Dedicated “à la mémoire de mon cher Papa” - her father had died when she was only six but had left a lasting impression on her - “Du fond de l’abîme” is a dramatic expression of a theme common to much of her work, which is a longing for light in the prevailing darkness. The symbolism is clear enough in the slow orchestral introduction where, over rumbling percussion and amid B flat minor harmonies made all the more oppressive by their modal inflections, a tuba and a solo cello utter a subterranean fragment of plain song. They are answered by lower strings and woodwind striving upwards in aching arpeggios. First and second violins take off by themselves and climb ever higher before being pressed down again.Together with a new theme, a searing trumpet call, this material develops in intensity until the tempo and the dynamic level are reduced for the first entry of the voices.
Coming slowly to life, the chorus begins by merely chanting the words of the first section of the text and only gradually, by way of a lyrical expansion on the holy names of “Iahvé” and “Adonaï,” finds the melodic inspiration for sustained supplication. The second section, which is signalled by an acceleration to Allegro très rythmé and by urgent reminders of the upward striving arpeggios and the trumpet call (now transferred to trombones), begins in the same way - proceeding from a soft chant to a broad climax on the “Adonaï” material - before the chorus yields to the alto soloist. Supported by a solo cello, she introduces a new melody which, though in an E flat minor still distorted by modal inflections, is set in a more relaxed tempo and a more intimate texture.

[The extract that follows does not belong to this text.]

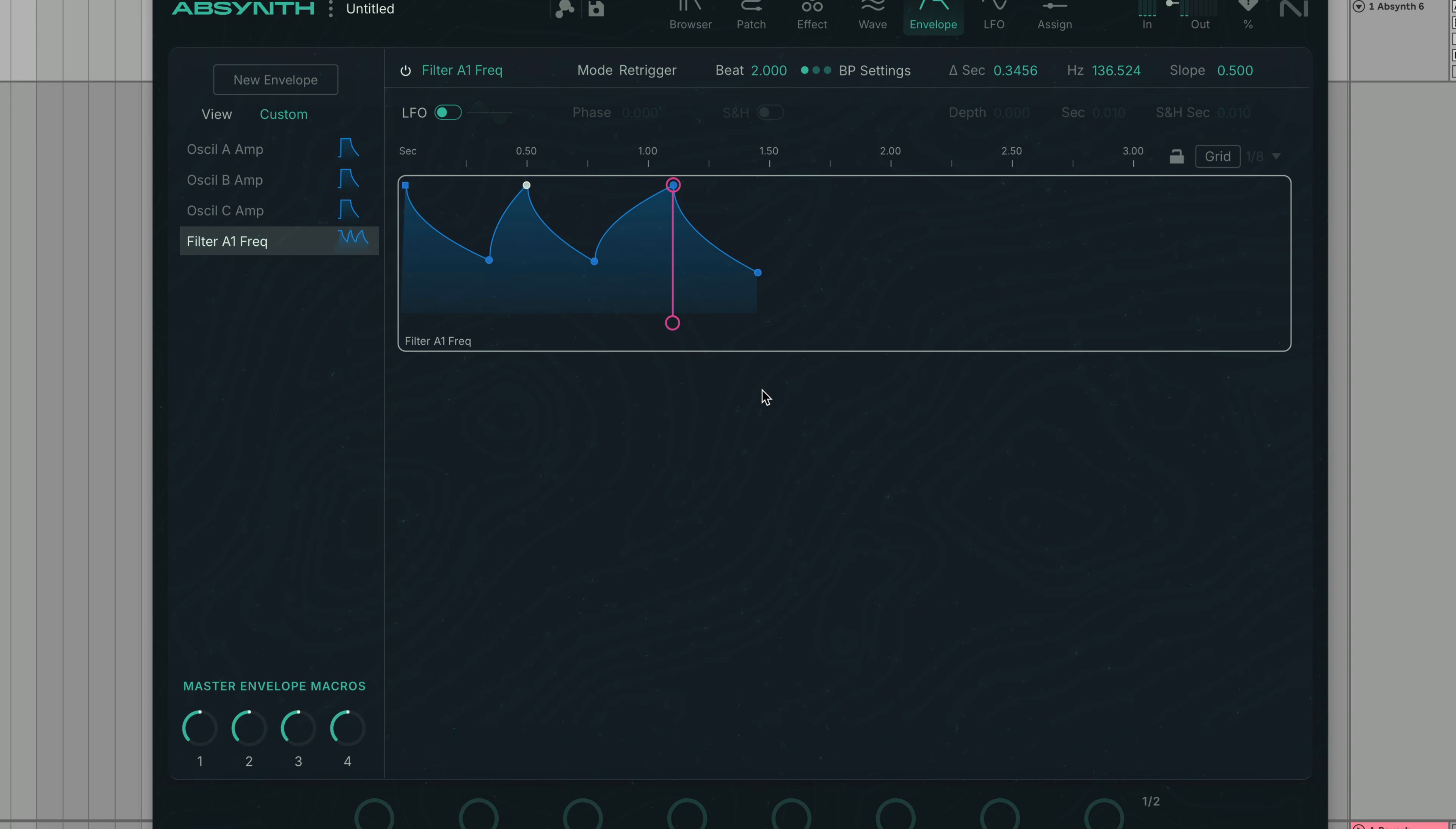In addition to the four main modes, envelopes can be set to Control Driven mode and Link mode, advanced modes that we'll cover in a later video.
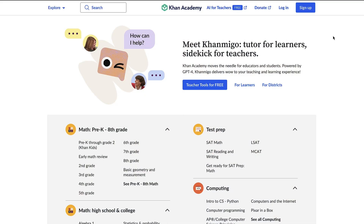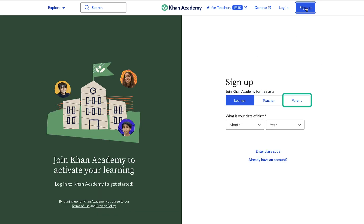First, head over to the Khan Academy homepage. You'll see a sign up button in the top right corner of the screen. Click on it and then select the parent option.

As the Allegro très rythmé tempo and the trumpet calls return, the chorus takes fright again, asking with growing insistency “Qui donc pourra tenir?” (“Who shall stand?”) - most emphatically of all on a fortissimo augmentation of the trumpet call
The answer is in the third section which, while it is not the climax of the work, is its turning point as far as both the construction and the message are concerned. The tempo slows and, against gently rippling arpeggios on harp and organ, a devout new melody arises on woodwind for the alto soloist to take up with the consoling words “Mais la clémence est en toi” (“But there is forgiveness with thee”). The oppressive modal inflections are still there, however, and it is only at the beginning of the fourth section, where the alto is joined by a tenor soloist, that Lili’s vision at last glimpses the radiance of major harmonies.
Although she sustains the mood with the help of an ecstatic semi-chorus, she is too much of a realist to leave it there. At what might with any one else have been the high point of the work, she plunges the chorus back into the darkness, from the depths of which it must resume the struggle to achieve a last, liberated climax of “Iahvé, Adonaï” and offer a final, ethereal expression of hope. Even then, the oppressive modal inflections return and the work ends with nothing more definitively consolatory than the ambiguous harmonies of the closing bars.
Gerald Larner©
From Gerald Larner’s files: “Lili”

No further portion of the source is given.